DevOps2026-04-1414 min read

Linux Disk Space Full: Find and Fix in 60 Seconds

Q: Is it safe to run docker system prune -a on a production server?

It depends. The -a flag removes ALL unused images, not just dangling ones. On production, this means any image not currently used by a running container gets deleted. If you need to quickly roll back to a previous image version, it will not be available locally and will need to be pulled again. On production, consider using docker system prune without the -a flag first, which only removes dangling images, stopped containers, and unused networks. Always verify what will be removed with docker system df before pruning.

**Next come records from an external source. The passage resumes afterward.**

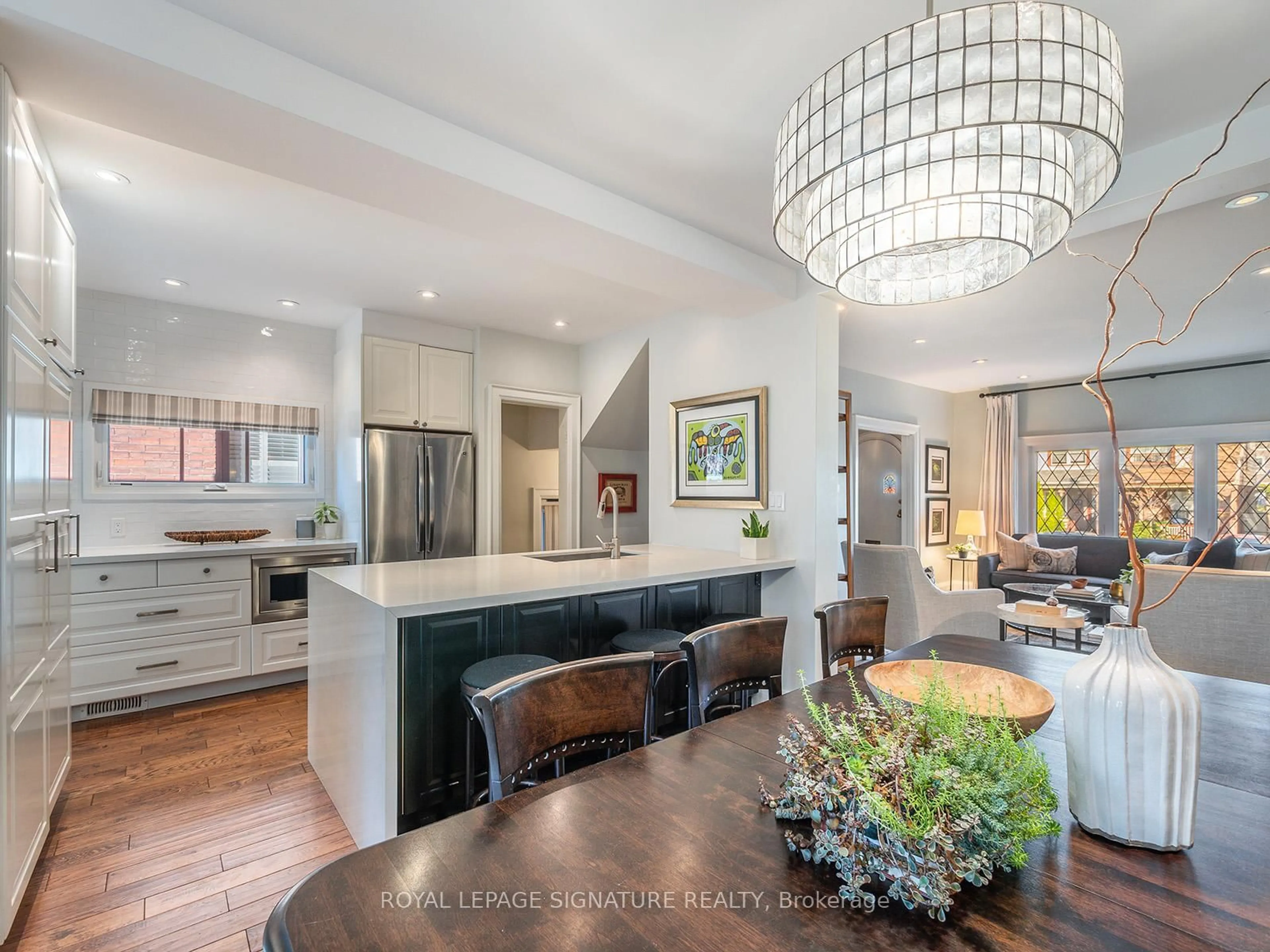 Open concept kitchen, ceramic/tile floor for 390 Kingswood Rd, Toronto Ontario M4E 3P1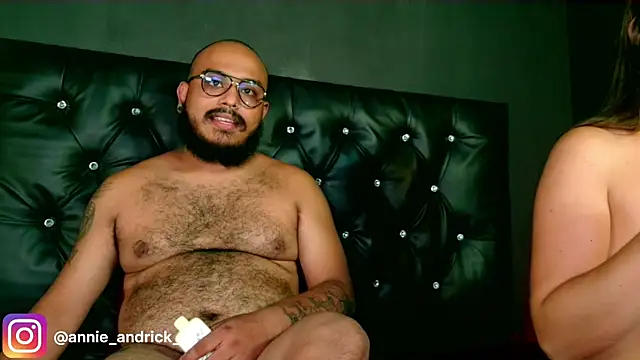  leda swan  online show from 12.20.25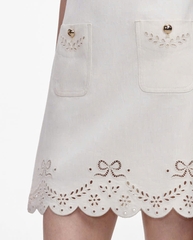 Váy ngắn màu kem denim có thêu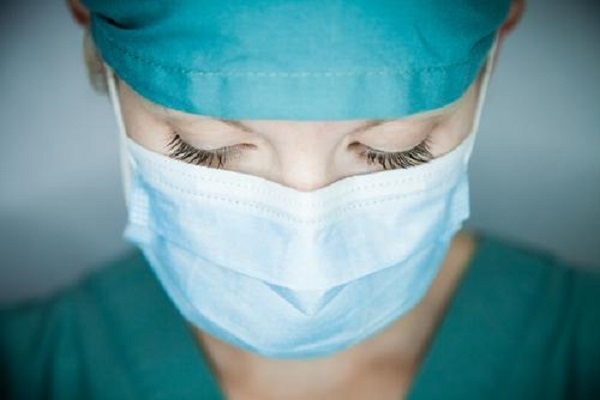 Sau một ca cấp cứu, tôi mất luôn cả chồng - Ảnh 2.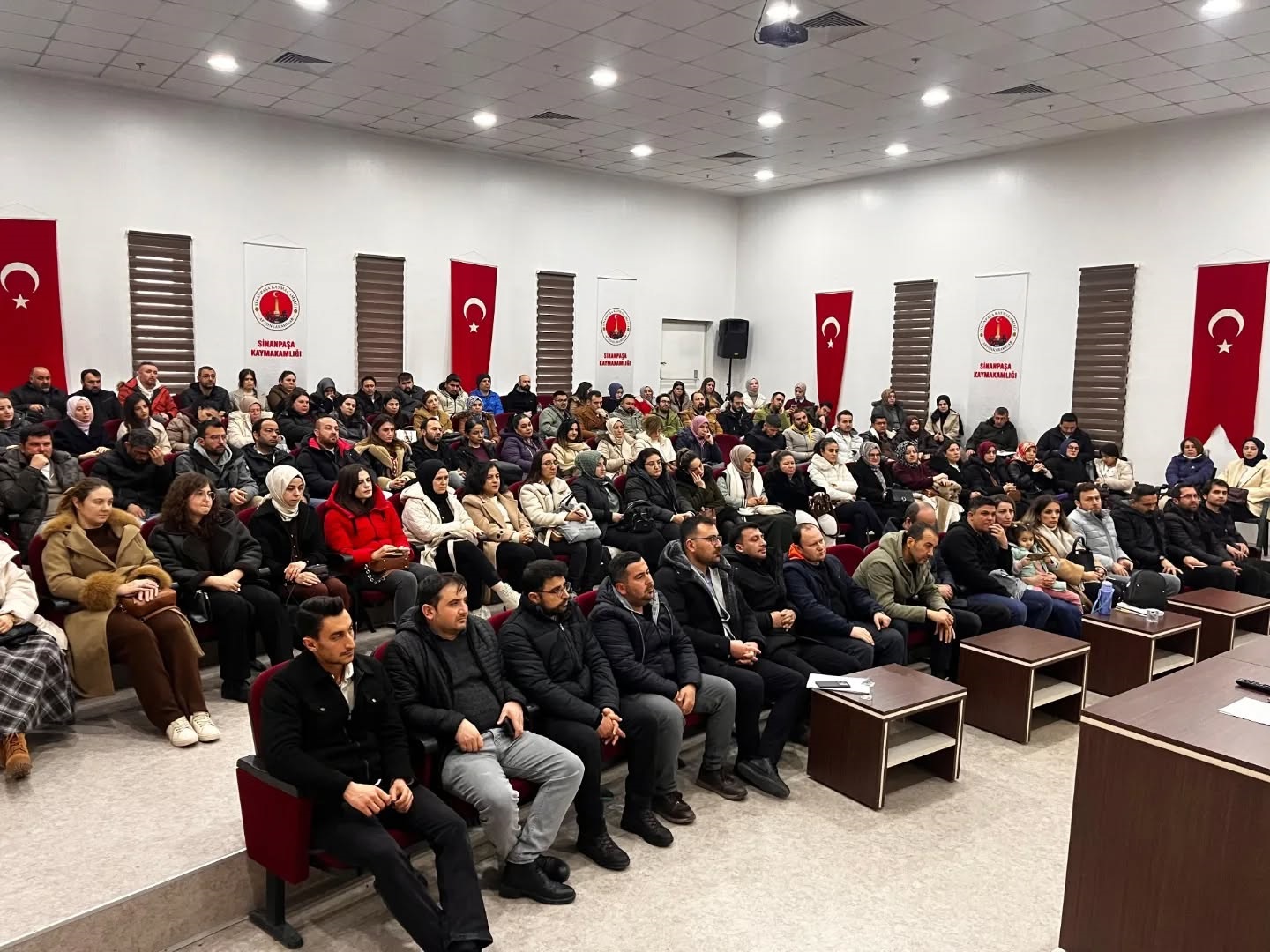 Sinanpaşa İlçe Milli Eğitim’den LGS Başarısı İçin Ortak Akıl Buluşması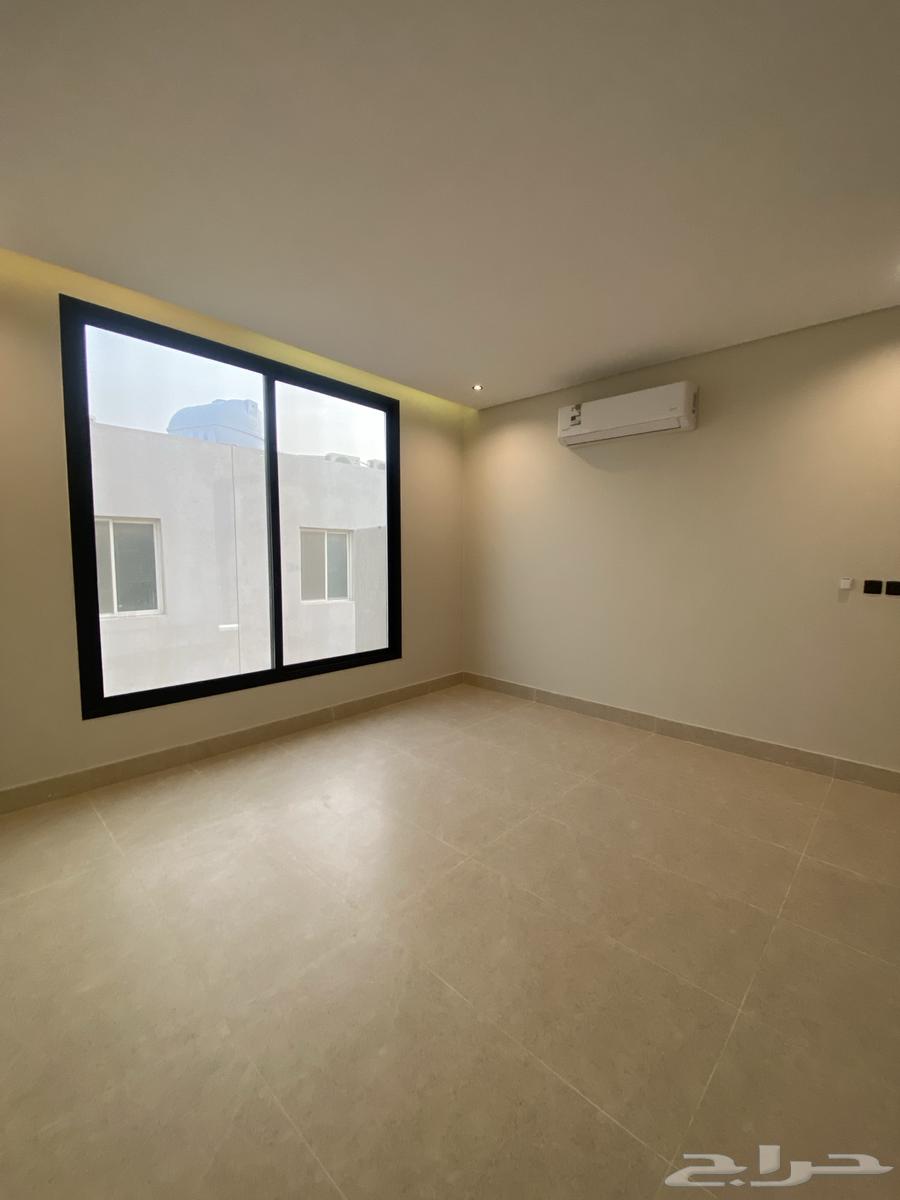3 bedroom apartment in Al Hamra 13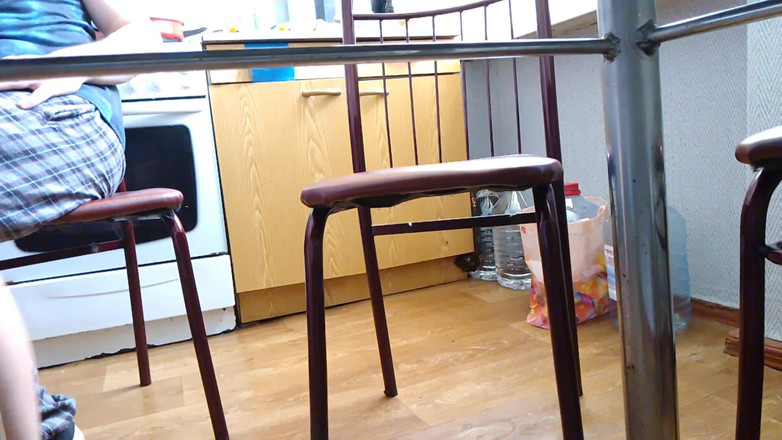 Assol: Pieprzę palcem mojego sąsiada gracza w kuchni, podczas gdy ona...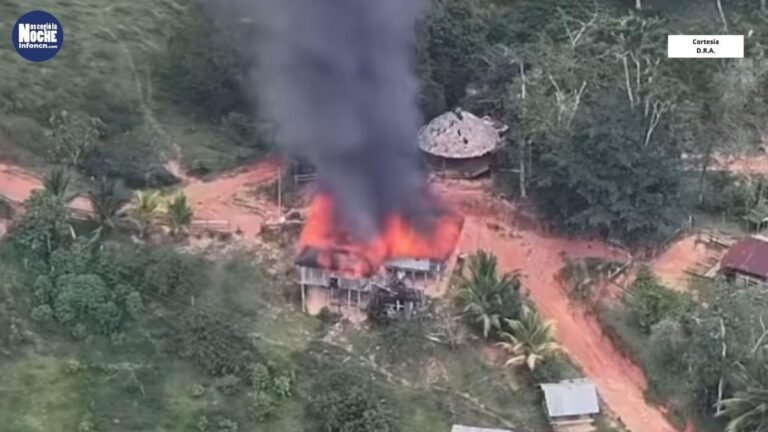 Una vivienda incinerada dejó fuerte combate entre el Clan del Golfo y el ELN en el Bagre
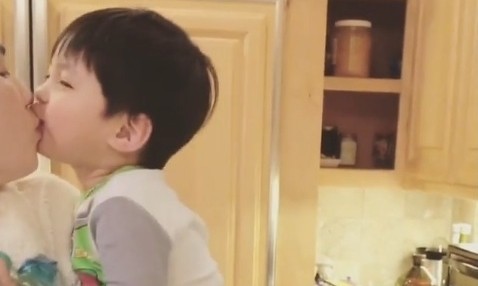 Hình ảnh Ngọc Trinh bế cháu nội của đại gia Hoàng Kiều gây “bão” trên mạng Cháu nội tỷ phú Hoàng Kiều hôn môi Ngọc Trinh.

Your server just threw a "No space left on device" error. Deployments are failing, logs stopped writing, and your application is down. You have about 60 seconds before someone notices. Here is exactly what to do.

TL;DR

df -h shows which mount is full. du -sh /* | sort -rh | head -20 finds the biggest directory. Common culprits: /var/log, Docker images, old kernels, and /tmp. Scroll to the specific section that matches your situation, or read the full guide for a systematic approach.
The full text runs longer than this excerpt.